Here, callpath and adept-utils are concrete packages, but there is no actual package file for mpi, so we say it is a virtual package. The syntax of depends_on, is the same for both. If we look inside the package file of an MPI implementation, say MPICH, we’ll see something like this:

class Mpich(Package):
    provides('mpi')
    ...

The provides("mpi") call tells Spack that the mpich package can be used to satisfy the dependency of any package that depends_on('mpi').

Versioned Interfaces

Just as you can pass a spec to depends_on, so can you pass a spec to provides to add constraints. This allows Spack to support the notion of versioned interfaces. The MPI standard has gone through many revisions, each with new functions added, and each revision of the standard has a version number. Some packages may require a recent implementation that supports MPI-3 functions, but some MPI versions may only provide up to MPI-2. Others may need MPI 2.1 or higher. You can indicate this by adding a version constraint to the spec passed to provides:

provides("mpi@:2")

Suppose that the above provides call is in the mpich2 package. This says that mpich2 provides MPI support up to version 2, but if a package depends_on("mpi@3"), then Spack will not build that package with mpich2.

provides when

The same package may provide different versions of an interface depending on its version. Above, we simplified the provides call in mpich to make the explanation easier. In reality, this is how mpich calls provides:

provides('mpi@:3', when='@3:')
provides('mpi@:1', when='@1:')

The when argument to provides allows you to specify optional constraints on the providing package, or the provider.
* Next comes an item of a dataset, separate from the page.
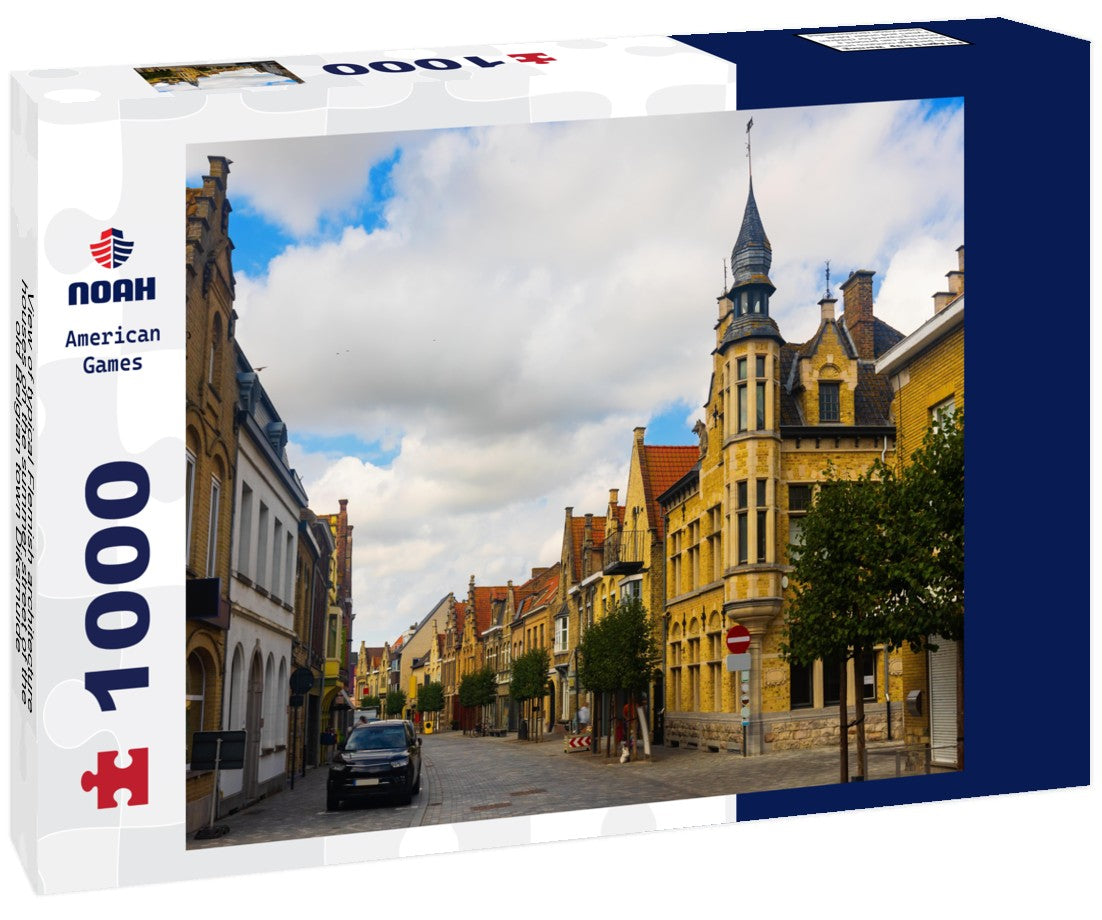 typical Flemish architecture houses on the summer street of the old Belgian town Diksmuide 1000pc Puzzle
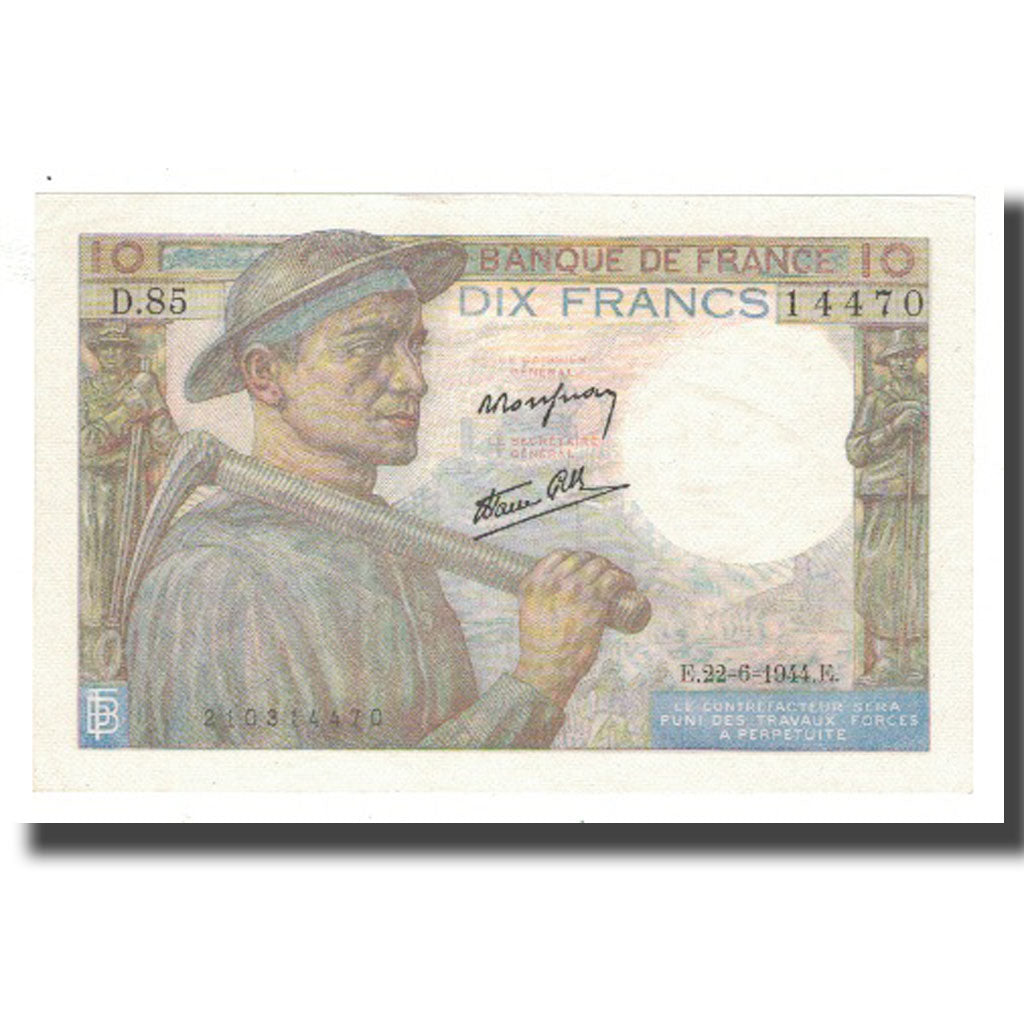 Francia, 10 Francs, Mineur, 1944, 1944-06-22, SPL-, Fayette:8.12, KM:99e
The provider only provides the declared virtual spec when it matches the constraints in the when clause. Here, when mpich is at version 3 or higher, it provides MPI up to version 3. When mpich is at version 1 or higher, it provides the MPI virtual package at version 1.

The when qualifier ensures that Spack selects a suitably high version of mpich to satisfy some other package that depends_on a particular version of MPI. It will also prevent a user from building with too low a version of mpich. For example, suppose the package foo declares this:

class Foo(Package):
    ...
    depends_on('mpi@2')

Suppose a user invokes spack install like this:

$ spack install foo ^mpich@1.0

Spack will fail with a constraint violation, because the version of MPICH requested is too low for the mpi requirement in foo.

Abstract & concrete specs

Now that we’ve seen how spec constraints can be specified on the command line and within package definitions, we can talk about how Spack puts all of this information together. When you run this:

$ spack install mpileaks ^callpath@1.0+debug ^libelf@0.8.11

Spack parses the command line and builds a spec from the description. The spec says that mpileaks should be built with the callpath library at 1.0 and with the debug option enabled, and with libelf version 0.8.11. Spack will also look at the depends_on calls in all of these packages, and it will build a spec from that. The specs from the command line and the specs built from package descriptions are then combined, and the constraints are checked against each other to make sure they’re satisfiable.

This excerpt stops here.